This past Thanksgiving weekend, we journeyed to visit Claire’s sister Jeanette’s family in Ottawa. To break up a busy weekend of napping and eating turkey, we had an appointment at the local Sears Portrait Studio to get pictures of Leo and his cousin Maia. This wasn’t their first time posing together for a photographer. However, the previous attempt had resulted in a session Lovely Claire likes to call the “Eastern European Refugee Pictures”. (Picture two very sullen-looking babies wearing bunny ears.)
But, we thought, our kids are a bit older now, and we clever parents have become highly skilled at making them laugh on cue. One well-timed Peek-A-Boo and they’re grinning their faces off. No problem.
The young woman at the studio set up the baby platform and a lovely backdrop of fall colours. She directed us to place the babies in a sitting position on the platform. We did. She then asked two of us to stand just outside the frame on either side of the platform to be there to catch the kids if the strayed.

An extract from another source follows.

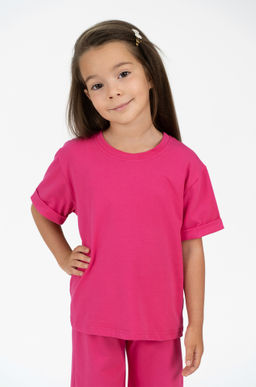 Костюм детский фуксия 7060 (128)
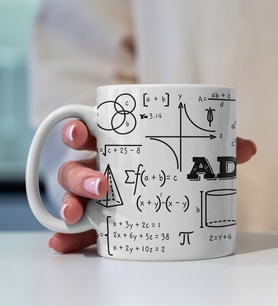 Kişiye Özel Matematik Formülleri Baskılı Premium Porselen Kupa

She must not have heard of parents’ lighting-quick reflexes and spectacular diving saves, but we dutifully complied.
She then grabbed a toy and shook it about, saying, “Booboobooboobooboo” or something to that effect. The kids were mildly amused by this. But she wanted big smiles, so she redoubled her efforts. “Hi, Leo! Hi, Maia,” she cooed. The cousins looked at each other began to study her with some concern.
Sensing trouble, the parents chimed in. “Peek-a-boo!” we cried. “Smile for the lady,” we cheered.
This worked a bit, and the kids cracked a smile. The studio lady –to call her a photographer would be a bit of a stretch, as she and her colleagues seemed barely out of high school– backed away to the camera and started fiddling with the framing and focus. A few moments of this and the kids were blankly staring at her again.
“Pookie pookie poo,” we intoned. “Look a the fuzzy thing! Isn’t it funny?”
Leo and Maia leveled grim gazes at the camera. The flashes flashed.
The studio lady grabbed the toy again and came back to the kids for more baby talk and silly faces. We did our best to help out. (Psst… Wanna hear a great idea for a TV show? Hide a few videocameras in a Sears Portrait studio and record families making complete fools of themselves trying to make their stoic kids smile for the picture.)
After a few more minutes of this, Maia smiled a bit, and once again the lady returned to the camera to fiddle with the controls. Precious seconds passed as she whirred the servos before she finally snapped a shot. Of course, when the preview screen rendered the photo, it showed two deadpan tots starting to lean out of the frame.
We cycled through this process several more times. At one point, Leo took hold of the camera’s wired remote and snapped a picture of the lady’s back as she was shaking the toy in his face. After a while, the problem was not so much the kids not smiling as their not staying still for the shot. As soon as we’d let go of them to get our arms out the frame, they’d start trying to crawl off the platform. Grandma Sautner, sporting jeans and sneakers, bravely volunteered to sit in the photo and hold the kids still. The kids could no longer run away, but we couldn’t seem to get a shot where everyone was looking at the camera at the same time. The shutter only seemed to open at the moment Grandma was looking down to check on Leo and Maia.
Claire was starting to get a bit irritated by the proceedings. “Maybe if you tried to have the camera ready for when they smile?” she asked the studio lady, with strained friendliness. Indeed, we were all wondering why she didn’t just stand ready by the camera and leave the smile-inducing to us.
I gave Leo my Visa card to play with. (Hey, the kid in the commercial liked it.) No dice.
Jeanette asked, “Are you usually more successful at getting toddlers to smile?”
“No,” the young camera operator replied.
Frustrated, weary and beaten, we gave up. We paid the sitting fee, but bought none of the pictures.
Leo smiled the whole way to the car.